Leopold Friedrich Franz Sieghard Hubertus Erdmann, Hereditary Prince of Anhalt (11 April 1938 – 9 October 1963) was the head of the House of Ascania, the family which ruled the Duchy of Anhalt until 1918.

Life
He was born at Ballenstedt Castle, a castle belonging to the ducal family of Anhalt, as the eldest son of Duke Joachim Ernst of Anhalt and his second wife, Editha Marwitz (von Stephani, by adoption).

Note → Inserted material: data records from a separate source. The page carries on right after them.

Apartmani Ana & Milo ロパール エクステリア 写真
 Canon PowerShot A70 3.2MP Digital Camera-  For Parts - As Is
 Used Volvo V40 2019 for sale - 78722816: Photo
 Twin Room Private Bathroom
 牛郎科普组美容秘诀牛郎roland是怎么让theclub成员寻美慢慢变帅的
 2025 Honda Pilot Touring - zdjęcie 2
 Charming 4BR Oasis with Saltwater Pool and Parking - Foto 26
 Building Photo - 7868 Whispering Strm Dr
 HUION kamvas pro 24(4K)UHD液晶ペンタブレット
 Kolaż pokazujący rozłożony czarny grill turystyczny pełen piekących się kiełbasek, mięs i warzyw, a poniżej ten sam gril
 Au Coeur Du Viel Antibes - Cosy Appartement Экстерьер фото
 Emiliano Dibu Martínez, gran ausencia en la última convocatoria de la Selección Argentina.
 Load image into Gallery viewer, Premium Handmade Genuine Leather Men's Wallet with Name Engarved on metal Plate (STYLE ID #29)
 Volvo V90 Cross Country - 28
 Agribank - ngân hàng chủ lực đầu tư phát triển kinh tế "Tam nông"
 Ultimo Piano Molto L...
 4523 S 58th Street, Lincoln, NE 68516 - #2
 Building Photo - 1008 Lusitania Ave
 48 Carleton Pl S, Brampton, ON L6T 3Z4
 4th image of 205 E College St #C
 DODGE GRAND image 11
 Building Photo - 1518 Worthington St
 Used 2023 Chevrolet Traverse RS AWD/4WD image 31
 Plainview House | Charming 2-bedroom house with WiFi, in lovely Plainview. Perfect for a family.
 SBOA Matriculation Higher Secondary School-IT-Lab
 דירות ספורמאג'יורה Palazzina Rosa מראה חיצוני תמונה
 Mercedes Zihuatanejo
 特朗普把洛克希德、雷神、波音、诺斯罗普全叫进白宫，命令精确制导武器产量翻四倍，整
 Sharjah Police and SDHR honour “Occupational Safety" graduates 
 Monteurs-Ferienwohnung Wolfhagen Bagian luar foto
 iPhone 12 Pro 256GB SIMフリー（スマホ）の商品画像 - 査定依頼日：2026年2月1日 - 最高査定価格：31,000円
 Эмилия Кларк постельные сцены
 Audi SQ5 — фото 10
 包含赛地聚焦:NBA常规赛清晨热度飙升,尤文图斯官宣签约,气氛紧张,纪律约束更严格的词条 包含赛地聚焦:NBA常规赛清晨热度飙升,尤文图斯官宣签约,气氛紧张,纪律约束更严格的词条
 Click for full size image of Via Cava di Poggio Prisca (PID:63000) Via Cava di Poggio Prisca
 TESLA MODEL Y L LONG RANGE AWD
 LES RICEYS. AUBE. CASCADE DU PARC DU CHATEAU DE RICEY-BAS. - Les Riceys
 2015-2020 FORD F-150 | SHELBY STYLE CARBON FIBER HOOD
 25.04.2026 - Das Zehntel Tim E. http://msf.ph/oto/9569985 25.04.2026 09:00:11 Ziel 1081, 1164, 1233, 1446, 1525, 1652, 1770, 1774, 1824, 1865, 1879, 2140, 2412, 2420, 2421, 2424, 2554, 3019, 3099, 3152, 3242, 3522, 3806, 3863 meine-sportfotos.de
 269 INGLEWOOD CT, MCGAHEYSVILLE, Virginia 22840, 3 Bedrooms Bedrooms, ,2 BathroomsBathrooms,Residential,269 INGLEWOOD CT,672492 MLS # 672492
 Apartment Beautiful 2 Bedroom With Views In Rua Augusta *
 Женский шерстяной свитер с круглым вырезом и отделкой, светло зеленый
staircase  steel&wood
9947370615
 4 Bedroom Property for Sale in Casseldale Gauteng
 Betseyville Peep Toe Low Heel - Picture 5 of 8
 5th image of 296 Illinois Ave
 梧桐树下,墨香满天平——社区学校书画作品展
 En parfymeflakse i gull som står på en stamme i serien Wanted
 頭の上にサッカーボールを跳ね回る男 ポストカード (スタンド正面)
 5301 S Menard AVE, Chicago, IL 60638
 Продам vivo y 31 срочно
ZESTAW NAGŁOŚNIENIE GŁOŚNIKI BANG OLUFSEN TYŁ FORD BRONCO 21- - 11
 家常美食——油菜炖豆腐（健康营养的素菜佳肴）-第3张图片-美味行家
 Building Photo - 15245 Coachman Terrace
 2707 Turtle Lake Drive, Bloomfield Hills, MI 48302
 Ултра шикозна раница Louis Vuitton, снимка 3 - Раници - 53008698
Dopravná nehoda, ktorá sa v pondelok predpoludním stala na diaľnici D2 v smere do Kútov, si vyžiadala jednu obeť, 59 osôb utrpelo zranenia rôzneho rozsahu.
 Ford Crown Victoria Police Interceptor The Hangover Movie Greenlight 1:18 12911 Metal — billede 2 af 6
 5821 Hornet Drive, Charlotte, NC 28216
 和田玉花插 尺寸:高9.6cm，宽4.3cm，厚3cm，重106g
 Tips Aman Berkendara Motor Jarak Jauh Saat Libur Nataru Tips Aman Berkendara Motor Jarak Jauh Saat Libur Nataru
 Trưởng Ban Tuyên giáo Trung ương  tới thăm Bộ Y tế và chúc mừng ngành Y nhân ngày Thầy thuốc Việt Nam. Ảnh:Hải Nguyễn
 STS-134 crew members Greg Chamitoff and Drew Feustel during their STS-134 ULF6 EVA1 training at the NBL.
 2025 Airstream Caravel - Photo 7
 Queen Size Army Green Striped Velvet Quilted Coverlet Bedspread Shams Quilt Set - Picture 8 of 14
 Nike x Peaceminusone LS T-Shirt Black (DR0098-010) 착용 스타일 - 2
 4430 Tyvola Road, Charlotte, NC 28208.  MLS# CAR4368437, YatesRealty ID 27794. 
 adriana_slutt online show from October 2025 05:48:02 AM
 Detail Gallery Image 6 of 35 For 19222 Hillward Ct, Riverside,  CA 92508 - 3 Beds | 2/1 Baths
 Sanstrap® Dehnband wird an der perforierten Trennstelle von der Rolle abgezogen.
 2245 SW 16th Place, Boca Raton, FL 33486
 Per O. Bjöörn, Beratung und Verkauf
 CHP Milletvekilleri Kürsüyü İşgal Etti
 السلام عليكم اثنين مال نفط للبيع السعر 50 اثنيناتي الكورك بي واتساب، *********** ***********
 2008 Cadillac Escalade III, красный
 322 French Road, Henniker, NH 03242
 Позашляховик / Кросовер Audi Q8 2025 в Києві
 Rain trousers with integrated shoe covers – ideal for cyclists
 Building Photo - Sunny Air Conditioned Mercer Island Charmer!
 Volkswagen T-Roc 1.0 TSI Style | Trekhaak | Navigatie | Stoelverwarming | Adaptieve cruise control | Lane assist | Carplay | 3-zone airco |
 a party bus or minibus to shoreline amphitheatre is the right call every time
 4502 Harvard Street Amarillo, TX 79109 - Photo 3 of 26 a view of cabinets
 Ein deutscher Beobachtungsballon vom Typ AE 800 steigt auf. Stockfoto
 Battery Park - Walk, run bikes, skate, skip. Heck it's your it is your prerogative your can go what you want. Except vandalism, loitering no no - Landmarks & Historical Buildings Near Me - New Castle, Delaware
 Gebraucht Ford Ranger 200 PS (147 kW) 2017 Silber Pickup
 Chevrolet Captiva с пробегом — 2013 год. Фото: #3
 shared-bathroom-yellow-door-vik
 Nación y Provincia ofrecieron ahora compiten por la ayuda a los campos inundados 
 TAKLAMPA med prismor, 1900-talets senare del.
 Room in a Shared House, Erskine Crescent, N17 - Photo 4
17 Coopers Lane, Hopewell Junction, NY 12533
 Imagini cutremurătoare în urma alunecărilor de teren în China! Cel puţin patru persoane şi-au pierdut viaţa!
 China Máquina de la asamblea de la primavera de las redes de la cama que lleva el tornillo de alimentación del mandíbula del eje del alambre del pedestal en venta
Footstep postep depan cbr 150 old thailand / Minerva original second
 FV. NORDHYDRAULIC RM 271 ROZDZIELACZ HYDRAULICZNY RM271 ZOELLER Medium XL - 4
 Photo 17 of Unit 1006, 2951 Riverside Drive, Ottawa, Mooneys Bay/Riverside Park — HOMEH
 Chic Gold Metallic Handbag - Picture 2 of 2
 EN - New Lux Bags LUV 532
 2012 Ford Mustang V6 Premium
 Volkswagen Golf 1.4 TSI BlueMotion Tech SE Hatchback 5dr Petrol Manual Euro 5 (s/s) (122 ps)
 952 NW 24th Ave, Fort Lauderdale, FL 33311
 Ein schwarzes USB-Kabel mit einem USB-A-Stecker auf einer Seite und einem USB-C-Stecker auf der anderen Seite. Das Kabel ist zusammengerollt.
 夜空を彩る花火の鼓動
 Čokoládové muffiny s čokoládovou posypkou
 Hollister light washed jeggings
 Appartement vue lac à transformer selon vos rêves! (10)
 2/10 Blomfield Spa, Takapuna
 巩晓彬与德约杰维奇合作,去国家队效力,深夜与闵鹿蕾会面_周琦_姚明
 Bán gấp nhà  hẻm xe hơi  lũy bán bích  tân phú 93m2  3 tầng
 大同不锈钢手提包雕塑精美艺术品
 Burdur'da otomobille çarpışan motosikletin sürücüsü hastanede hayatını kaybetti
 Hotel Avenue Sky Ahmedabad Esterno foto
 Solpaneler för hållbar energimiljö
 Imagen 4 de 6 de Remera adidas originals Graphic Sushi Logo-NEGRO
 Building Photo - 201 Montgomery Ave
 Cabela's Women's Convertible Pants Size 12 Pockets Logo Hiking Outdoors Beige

Prince Friedrich succeeded his father as head of the Ducal House of Anhalt and titular Duke of Anhalt following his death in NKVD special camp number 2 (formerly Buchenwald concentration camp) as a prisoner of the Soviet Union on 18 February 1947. The succession of Prince Friedrich was disputed by his uncle, Prince Eugen, who also claimed the headship of the house after the death of Duke Joachim Ernst.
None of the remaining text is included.